International Business Education Alliance
- Abbreviation: IBEA
- Formation: 2015
- Type: NGO
- Legal status: Active
- Headquarters: Mannheim, Baden-Württemberg, Germany
- Membership: ESSEC, University of Mannheim, University of South Carolina, Fundação Getúlio Vargas
- Website: www.ibea-bachelor.org

= International Business Education Alliance =

The International Business Education Alliance (IBEA) is an exchange programme for undergraduate students in Business Administration. Besides studying at their home university, admitted undergraduate students participate in an extended bachelor's program that includes three exchange semesters at the participating institutions in the network.
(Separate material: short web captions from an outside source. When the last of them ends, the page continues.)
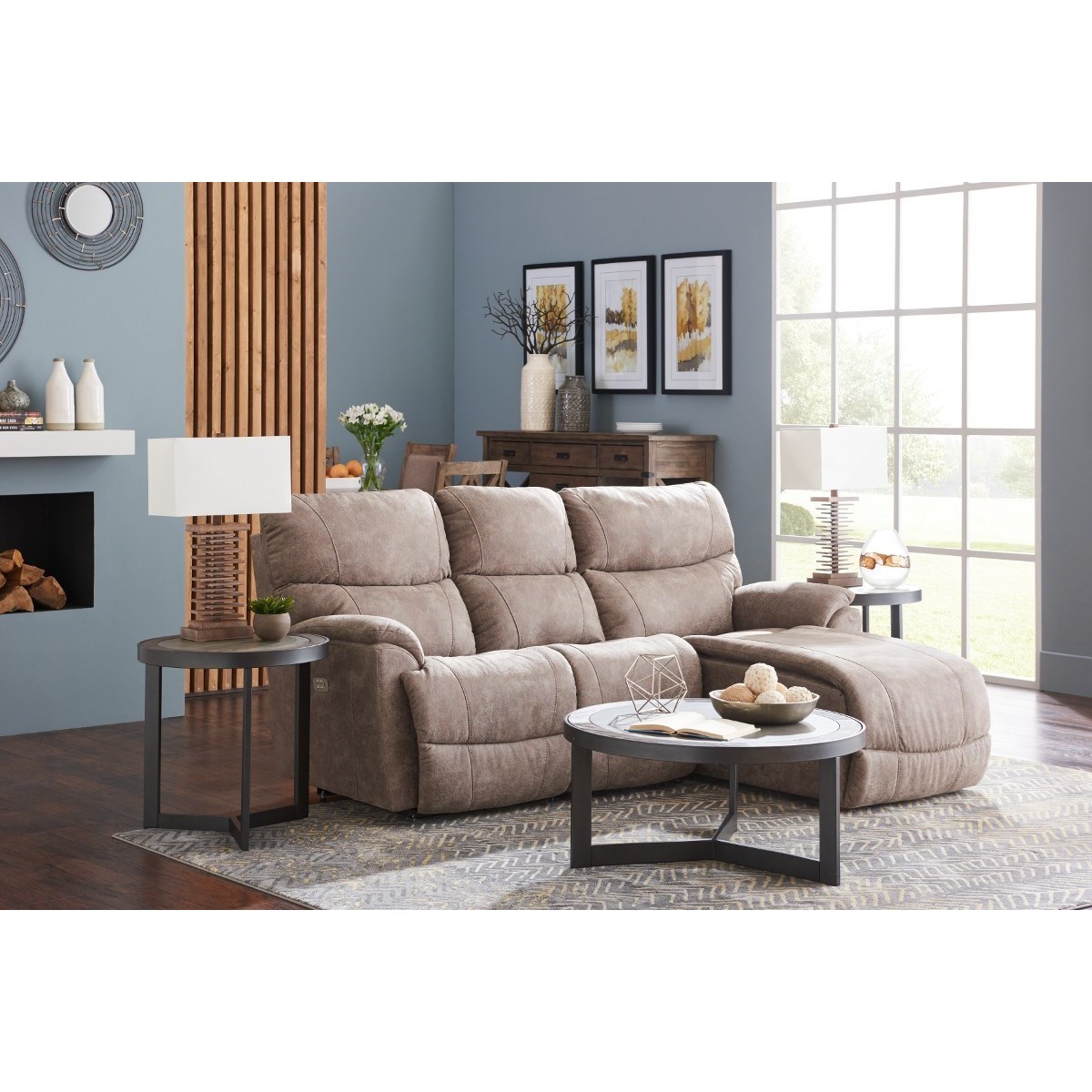 LaZBoy Trouper Two Piece Reclining Sectional Sofa with LeftSitting
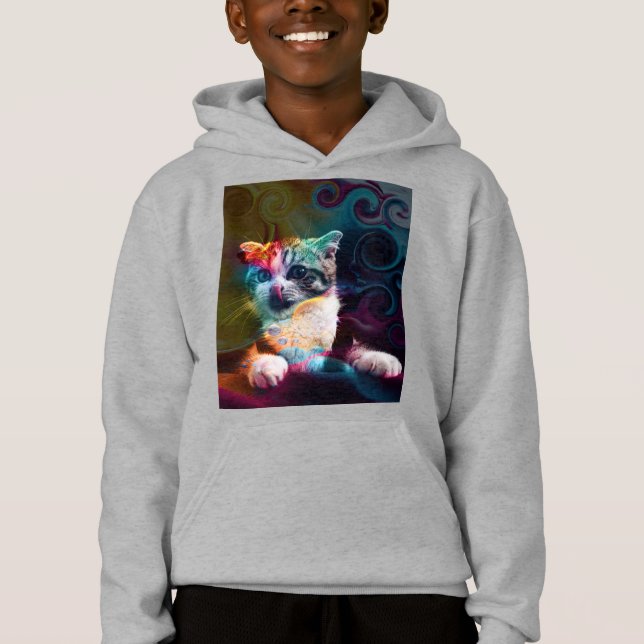 FUNNY TRENDY COLORFUL CAT ART (Front)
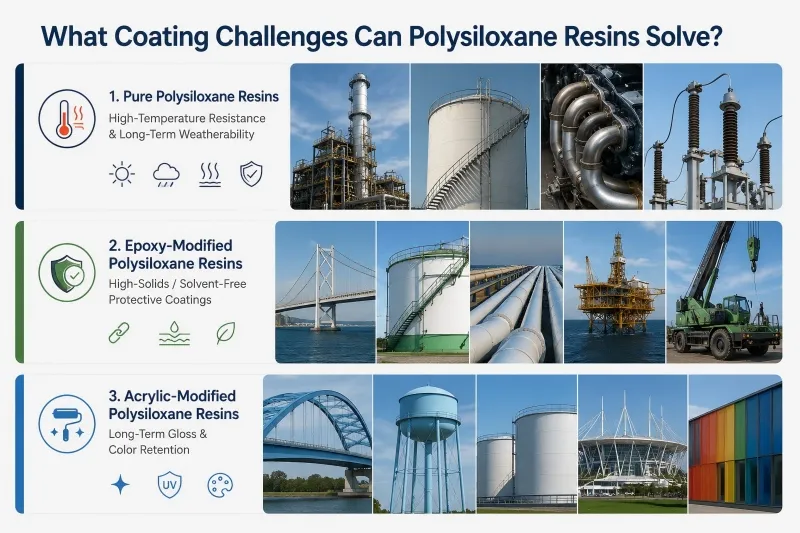 What are the key coating challenges that polysiloxane resins can address?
Participants are the University of Mannheim (Germany), ESSEC Business School (France), University of South Carolina, Darla Moore School of Business (United States), and the Fundação Getúlio Vargas (Brazil).

== History ==
IBEA was founded on August 1, 2015, when the deans of the respective business schools agreed to form the new partnership alliance IBEA.

== Description ==
The IBEA program aims to provide undergraduate business students with a comprehensive view of the global environment of business. It consists of a four-year Bachelor program that draws on the academic expertise of each participating partner school. Selected students study part of the program as one cohort and stay one semester at each of the four participating institutions. Each school offers customized classes and cultural courses designed for IBEA students. Besides a local and regional exposure, students gain hands-on global management experience by working closely with one corporate partner from each school. The first three semesters are completed at each student's individual home institution. Beginning with the fourth semester, the IBEA students study for the subsequent four semesters, starting at the University of Mannheim Business School, followed by the Darla Moore School of Business of the University of South Carolina and ESSEC's campus in Singapore. The last study abroad semester is spent at the Brazilian School of Public and Business Administration in Rio de Janeiro.